_Work instruction_
From the line that contains "To set up a" through the line that contains "This video will", output every line of the listing below exactly and leave out all the rest.

_Data supplied_
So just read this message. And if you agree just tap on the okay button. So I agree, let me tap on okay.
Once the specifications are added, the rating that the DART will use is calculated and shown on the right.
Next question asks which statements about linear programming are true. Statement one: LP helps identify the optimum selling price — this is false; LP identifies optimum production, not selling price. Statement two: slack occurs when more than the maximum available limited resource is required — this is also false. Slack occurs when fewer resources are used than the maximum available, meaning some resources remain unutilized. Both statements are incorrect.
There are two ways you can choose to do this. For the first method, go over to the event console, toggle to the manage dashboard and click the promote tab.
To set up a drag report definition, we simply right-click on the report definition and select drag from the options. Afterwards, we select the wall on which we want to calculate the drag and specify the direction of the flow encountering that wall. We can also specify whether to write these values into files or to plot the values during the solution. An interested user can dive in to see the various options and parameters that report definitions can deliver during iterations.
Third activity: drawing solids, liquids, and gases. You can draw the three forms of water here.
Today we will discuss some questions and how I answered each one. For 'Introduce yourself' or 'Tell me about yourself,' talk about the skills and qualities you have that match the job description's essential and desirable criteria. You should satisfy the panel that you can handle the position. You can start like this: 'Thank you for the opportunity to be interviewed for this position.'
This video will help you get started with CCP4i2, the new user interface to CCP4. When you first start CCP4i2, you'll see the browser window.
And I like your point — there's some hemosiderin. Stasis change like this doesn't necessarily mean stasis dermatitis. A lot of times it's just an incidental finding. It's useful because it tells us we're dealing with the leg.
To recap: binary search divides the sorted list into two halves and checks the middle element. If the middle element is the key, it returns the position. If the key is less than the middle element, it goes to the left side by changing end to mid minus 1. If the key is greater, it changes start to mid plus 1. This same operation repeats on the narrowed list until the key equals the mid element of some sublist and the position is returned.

---

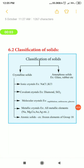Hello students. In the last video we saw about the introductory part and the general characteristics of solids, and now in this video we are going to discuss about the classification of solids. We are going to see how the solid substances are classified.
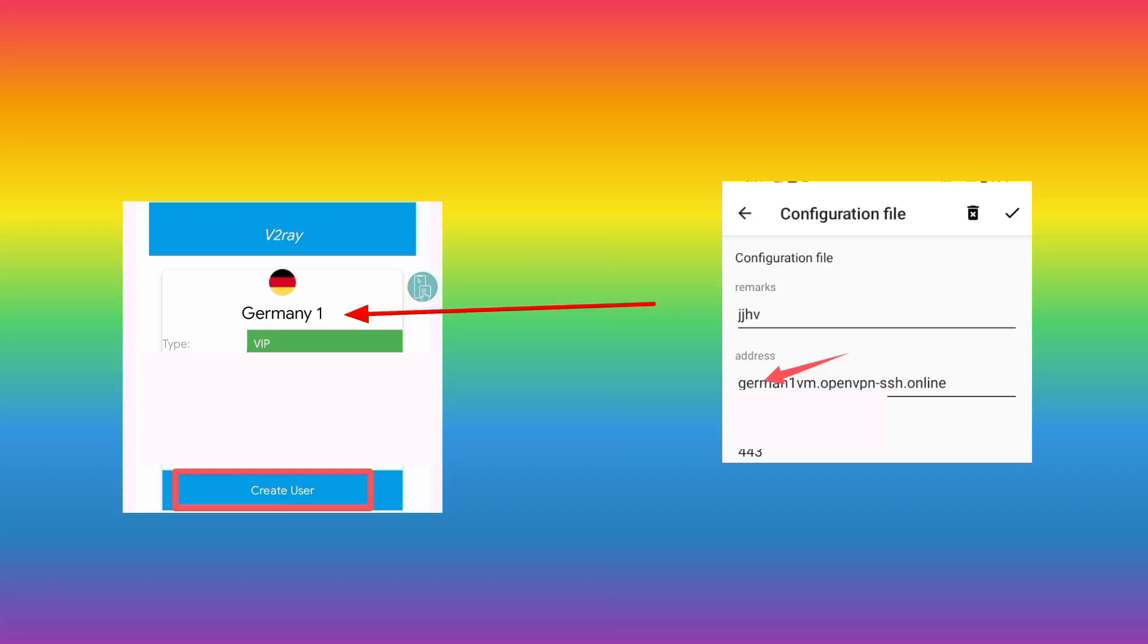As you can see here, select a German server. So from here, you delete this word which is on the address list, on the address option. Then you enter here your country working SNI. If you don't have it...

_Response below_
To set up a drag report definition, we simply right-click on the report definition and select drag from the options. Afterwards, we select the wall on which we want to calculate the drag and specify the direction of the flow encountering that wall. We can also specify whether to write these values into files or to plot the values during the solution. An interested user can dive in to see the various options and parameters that report definitions can deliver during iterations.
Third activity: drawing solids, liquids, and gases. You can draw the three forms of water here.
Today we will discuss some questions and how I answered each one. For 'Introduce yourself' or 'Tell me about yourself,' talk about the skills and qualities you have that match the job description's essential and desirable criteria. You should satisfy the panel that you can handle the position. You can start like this: 'Thank you for the opportunity to be interviewed for this position.'
This video will help you get started with CCP4i2, the new user interface to CCP4. When you first start CCP4i2, you'll see the browser window.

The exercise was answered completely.